Stored dataset items
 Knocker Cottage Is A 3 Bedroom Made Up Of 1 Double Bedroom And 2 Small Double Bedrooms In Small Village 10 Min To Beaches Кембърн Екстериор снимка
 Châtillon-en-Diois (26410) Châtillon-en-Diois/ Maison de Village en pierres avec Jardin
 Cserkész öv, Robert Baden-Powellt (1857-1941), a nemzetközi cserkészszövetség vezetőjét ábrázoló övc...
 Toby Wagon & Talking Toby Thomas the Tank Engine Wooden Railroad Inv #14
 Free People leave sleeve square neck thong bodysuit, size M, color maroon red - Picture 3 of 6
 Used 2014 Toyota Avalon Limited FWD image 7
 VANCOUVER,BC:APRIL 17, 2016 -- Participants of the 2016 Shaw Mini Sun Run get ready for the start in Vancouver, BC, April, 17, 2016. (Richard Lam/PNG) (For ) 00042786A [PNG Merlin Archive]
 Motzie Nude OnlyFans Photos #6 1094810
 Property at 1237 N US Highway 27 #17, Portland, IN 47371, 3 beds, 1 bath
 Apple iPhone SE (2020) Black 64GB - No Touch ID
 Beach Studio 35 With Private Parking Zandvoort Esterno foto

_Work task:_ The response should be the lines from the one containing "Motzie Nude OnlyFans Photos #6 1094810" through the last line of the data, set down exactly and with no other line.

_Written solution:_
 Motzie Nude OnlyFans Photos #6 1094810
 Property at 1237 N US Highway 27 #17, Portland, IN 47371, 3 beds, 1 bath
 Apple iPhone SE (2020) Black 64GB - No Touch ID
 Beach Studio 35 With Private Parking Zandvoort Esterno foto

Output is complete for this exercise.